In June 1945 he was a co-organizer of the newly founded SPD in Pomerania and a member of the party committee. He became party chairman in Stralsund and the Pomerania district. He was skeptical of the union of the SPD with the KPD to form the Socialist Unity Party of Germany (SED), but became first chairman of the SED district leadership in Stralsund. Because of his public criticism of the persecution of Mecklenburg and Western Pomerania Social Democrats, he was deposed in 1947 and pushed out of the district executive committee. Since then he has been working as head fish master in Stralsund. Fank was chairman of the supervisory board of the consumer cooperative and the Raiffeisen fish recycling cooperative in Stralsund and chairman of the city council.

From October 1946 until his arrest in March 1949 he was a member of the Mecklenburg State Parliament . Max Fank first contacted the East Office of the SPD at the end of 1947 , to which he sent reports on the conditions in Stralsund. He received information leaflets from the West German SPD, which he distributed. After he was denounced, he was arrested on March 19, 1949 and sentenced to 25 years in a labor camp because of his opposition and his contacts with the SPD East Office .

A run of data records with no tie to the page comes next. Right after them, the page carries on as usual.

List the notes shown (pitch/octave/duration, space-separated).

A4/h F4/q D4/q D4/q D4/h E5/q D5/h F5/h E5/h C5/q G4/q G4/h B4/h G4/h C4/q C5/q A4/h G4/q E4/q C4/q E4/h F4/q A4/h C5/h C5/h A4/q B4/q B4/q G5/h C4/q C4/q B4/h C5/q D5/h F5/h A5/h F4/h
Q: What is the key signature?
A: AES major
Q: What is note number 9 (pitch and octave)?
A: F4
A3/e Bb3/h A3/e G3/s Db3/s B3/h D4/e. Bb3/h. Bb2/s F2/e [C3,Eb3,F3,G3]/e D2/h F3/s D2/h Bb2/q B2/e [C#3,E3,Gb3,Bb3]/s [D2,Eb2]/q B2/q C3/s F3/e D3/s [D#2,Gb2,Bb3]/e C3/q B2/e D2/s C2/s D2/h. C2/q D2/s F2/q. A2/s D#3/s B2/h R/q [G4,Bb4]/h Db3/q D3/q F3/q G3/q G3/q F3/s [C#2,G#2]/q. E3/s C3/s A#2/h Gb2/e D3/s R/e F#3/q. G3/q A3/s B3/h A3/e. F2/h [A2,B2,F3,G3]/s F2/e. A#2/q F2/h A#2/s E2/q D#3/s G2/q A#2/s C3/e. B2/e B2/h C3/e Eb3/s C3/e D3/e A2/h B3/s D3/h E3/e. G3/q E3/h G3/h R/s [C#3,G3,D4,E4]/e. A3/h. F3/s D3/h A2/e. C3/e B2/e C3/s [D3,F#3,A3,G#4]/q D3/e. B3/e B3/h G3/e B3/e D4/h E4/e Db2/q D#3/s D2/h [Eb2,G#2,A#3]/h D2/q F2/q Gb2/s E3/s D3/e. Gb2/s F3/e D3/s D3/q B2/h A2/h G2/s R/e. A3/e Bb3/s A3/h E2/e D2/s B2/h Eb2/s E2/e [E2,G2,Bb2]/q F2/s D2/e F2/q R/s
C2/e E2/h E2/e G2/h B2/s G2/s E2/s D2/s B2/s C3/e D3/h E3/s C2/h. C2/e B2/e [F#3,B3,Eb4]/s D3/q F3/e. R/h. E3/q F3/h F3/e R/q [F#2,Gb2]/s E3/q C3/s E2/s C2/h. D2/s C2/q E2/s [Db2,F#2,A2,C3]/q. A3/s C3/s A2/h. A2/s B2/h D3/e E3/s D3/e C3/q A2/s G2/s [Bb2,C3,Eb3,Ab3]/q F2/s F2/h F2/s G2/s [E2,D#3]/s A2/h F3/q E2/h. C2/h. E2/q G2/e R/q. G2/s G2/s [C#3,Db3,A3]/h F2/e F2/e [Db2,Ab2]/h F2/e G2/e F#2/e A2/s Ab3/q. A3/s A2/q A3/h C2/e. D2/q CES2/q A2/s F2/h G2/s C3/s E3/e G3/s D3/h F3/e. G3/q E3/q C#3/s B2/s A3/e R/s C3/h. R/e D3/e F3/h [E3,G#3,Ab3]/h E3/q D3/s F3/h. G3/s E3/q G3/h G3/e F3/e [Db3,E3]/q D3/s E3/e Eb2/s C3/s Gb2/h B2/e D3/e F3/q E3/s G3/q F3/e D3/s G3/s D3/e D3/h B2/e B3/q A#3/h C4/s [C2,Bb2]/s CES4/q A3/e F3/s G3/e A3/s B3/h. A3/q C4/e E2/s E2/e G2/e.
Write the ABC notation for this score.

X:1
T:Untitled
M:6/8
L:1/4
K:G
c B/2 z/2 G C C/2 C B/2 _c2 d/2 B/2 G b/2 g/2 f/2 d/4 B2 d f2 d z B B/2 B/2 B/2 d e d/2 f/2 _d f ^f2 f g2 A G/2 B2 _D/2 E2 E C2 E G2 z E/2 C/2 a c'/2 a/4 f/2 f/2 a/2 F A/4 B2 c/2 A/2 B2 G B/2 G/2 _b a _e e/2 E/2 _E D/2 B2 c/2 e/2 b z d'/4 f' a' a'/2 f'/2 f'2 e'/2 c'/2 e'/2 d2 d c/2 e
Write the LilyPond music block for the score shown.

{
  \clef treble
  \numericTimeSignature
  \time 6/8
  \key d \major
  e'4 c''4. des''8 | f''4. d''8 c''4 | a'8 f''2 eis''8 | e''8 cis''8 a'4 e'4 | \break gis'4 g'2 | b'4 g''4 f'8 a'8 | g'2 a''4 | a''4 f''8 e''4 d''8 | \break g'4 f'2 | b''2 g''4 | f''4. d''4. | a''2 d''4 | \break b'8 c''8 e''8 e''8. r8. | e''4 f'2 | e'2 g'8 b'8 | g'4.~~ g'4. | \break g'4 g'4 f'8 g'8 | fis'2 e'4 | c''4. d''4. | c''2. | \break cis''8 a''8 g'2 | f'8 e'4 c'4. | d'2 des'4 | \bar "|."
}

Due to an amnesty , he was released from prison in January 1954 and went to the Federal Republic of Germany , from 1963 he lived in Hamburg . The State Security continued to watch him despite his place of residence in Hamburg and was particularly interested in his correspondence with former Stralsund SPD members.

literature

  • Klaus Schwabe: State election in Mecklenburg-Western Pomerania 1946 . State Parliament Mecklenburg-Western Pomerania (Ed.), Schwerin 1996, p. 79.
  • Martin Broszat , Hermann Weber (Ed.): SBZ manual. State administrations, parties, social organizations and their executives in the Soviet zone of occupation in Germany 1945-1949. On behalf of the Department of History and Politics of the GDR at the University of Mannheim. 2nd edition 1993, ISBN 978-3-486-55262-1 , p. 896 ( digitized version ).